The administrative division of the Rumelia Eyalet was reformed, based on the sultan's hatisherif of 21 June 1836, and the territories of its sanjaks were substantially changed while Sanjak of Ohrid became an arpalik of Valide Sultan. Until 1864, it was part of the Monastir Eyalet, while the kaza of Krujë, among others, was incorporated into the Sanjak of Scutari. As mentioned above, after the establishment of the Monastir Vilayet in 1864, the Sanjak of Ohrid ceased to exist and its territory was incorporated into the Sanjak of Monastir (first established as a sanjak, separate from the Sanjak of Ohrid, in 1826).

== History ==
Dorotheos, the Archbishop of Ohrid and his clerks and boyars were expatriated to Istanbul in 1466 probably because of their anti-Ottoman activities during Skanderbeg's rebellion. In 1467 many Christians from Skopje, Ohrid, Serres and Kastoria were forcibly deported to Elbasan, a new Ottoman fortress in Albania.

Peasants of the Sanjak of Ohrid participated for ten years in the anti-Ottoman 1564 rebellion of the peasants from Mariovo and Prilep. On 25 July 1571 it was proposed to divide Sanjak of Ohrid on two part, in order to increase public security in situation of constant rebellions in this sanjak.

In 1613 Ottoman authorities ordered the destruction of all newly built Christian churches in the villages of the Sanjak of Ohrid.

Evliya Çelebi (1611–1682) dedicated a whole chapter of his work Seyahatname to the Sanjak of Ohrid.

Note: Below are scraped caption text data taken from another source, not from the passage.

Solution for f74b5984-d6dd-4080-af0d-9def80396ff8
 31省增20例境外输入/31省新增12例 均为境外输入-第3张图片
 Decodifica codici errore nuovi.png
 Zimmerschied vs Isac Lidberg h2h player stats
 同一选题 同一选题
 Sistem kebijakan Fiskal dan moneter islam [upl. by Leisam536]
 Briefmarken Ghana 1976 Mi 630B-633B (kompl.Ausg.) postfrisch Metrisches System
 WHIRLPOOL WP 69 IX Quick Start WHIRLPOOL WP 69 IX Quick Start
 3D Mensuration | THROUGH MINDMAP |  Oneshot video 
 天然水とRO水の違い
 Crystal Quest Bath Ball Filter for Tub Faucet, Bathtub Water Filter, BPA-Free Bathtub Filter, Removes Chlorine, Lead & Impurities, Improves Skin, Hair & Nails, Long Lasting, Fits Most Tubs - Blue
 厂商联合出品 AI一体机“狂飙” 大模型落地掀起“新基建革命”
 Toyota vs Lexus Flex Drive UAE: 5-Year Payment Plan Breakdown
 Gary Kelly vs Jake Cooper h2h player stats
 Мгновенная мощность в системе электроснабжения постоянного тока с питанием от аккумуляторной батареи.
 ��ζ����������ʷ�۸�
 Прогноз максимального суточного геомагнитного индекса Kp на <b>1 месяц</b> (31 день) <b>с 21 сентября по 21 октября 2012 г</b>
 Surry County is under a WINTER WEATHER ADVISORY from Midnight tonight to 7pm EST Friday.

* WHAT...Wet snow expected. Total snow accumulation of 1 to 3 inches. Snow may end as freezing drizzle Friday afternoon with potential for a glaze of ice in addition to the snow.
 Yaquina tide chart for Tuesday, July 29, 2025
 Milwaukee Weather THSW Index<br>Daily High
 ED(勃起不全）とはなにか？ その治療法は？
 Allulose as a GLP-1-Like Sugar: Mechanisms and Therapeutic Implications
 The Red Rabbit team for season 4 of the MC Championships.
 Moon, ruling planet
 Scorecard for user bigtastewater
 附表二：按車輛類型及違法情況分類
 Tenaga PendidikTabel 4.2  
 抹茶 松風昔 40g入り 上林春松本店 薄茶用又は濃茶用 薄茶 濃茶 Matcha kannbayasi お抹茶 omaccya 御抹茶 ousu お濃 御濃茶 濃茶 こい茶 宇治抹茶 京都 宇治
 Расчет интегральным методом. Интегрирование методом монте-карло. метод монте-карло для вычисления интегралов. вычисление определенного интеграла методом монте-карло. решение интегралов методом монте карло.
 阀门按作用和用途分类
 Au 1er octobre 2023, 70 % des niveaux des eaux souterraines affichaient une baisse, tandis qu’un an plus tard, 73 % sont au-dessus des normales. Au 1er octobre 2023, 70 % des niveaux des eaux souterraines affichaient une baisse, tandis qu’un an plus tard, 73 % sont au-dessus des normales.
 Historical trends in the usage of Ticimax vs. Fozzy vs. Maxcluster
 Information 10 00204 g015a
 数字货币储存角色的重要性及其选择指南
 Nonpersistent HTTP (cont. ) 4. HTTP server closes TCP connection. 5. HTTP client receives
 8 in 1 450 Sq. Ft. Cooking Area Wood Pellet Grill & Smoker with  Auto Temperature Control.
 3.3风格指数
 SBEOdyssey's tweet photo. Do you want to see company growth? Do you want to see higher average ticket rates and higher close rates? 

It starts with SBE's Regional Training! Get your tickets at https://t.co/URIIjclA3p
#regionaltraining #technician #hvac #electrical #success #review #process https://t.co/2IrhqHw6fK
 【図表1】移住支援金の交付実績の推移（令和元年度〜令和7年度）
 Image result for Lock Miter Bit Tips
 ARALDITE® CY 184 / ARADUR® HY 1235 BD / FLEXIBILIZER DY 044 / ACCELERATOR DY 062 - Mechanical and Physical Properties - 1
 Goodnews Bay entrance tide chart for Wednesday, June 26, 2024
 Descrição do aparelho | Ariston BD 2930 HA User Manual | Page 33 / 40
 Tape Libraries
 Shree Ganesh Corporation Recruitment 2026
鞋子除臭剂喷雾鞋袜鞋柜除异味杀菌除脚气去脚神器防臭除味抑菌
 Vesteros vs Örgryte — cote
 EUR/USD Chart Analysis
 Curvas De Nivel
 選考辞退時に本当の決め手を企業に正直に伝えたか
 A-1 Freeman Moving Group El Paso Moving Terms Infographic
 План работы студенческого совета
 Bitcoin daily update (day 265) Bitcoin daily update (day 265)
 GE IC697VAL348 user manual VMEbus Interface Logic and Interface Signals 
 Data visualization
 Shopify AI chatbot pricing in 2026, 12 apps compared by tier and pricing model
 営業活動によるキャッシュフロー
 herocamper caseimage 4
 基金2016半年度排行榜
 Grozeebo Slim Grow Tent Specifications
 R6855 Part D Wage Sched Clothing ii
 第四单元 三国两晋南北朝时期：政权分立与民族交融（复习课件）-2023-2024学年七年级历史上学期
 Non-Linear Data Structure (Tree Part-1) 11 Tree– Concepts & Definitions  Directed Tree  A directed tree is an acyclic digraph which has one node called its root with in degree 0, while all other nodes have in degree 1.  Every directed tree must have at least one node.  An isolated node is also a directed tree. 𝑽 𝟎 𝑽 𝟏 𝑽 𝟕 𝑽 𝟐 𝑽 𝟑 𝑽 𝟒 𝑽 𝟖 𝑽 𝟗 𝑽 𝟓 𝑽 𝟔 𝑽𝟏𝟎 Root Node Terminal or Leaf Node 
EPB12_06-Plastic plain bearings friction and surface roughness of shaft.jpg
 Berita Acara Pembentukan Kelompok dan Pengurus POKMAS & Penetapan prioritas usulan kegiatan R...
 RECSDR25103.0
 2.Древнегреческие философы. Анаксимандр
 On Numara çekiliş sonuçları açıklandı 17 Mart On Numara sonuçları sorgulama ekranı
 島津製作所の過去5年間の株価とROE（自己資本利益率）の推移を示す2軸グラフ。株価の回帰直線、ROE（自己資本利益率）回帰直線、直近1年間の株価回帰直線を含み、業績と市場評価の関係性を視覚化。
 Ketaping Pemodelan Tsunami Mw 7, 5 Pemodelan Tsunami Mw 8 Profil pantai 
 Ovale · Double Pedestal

In the autumn of 1794, Kara Mahmud Bushati of the Pashalik of Scutari subjugated the sanjaks of Elbasan and Ohrid.

==Governors==
- Junayd of Aydın, sanjakbey ( 1406).
- Şeremet Bey.
- Ballaban Badera, sanjakbey ( 1464–1465).
- Ebubekir Pasha ( July 1792–?), previously Belgrade Vizier.
- Muhtar Pasha ( 1796–1797), son of Ali Pasha.
- Mustafa Pasha Bushatli ( 1824–?).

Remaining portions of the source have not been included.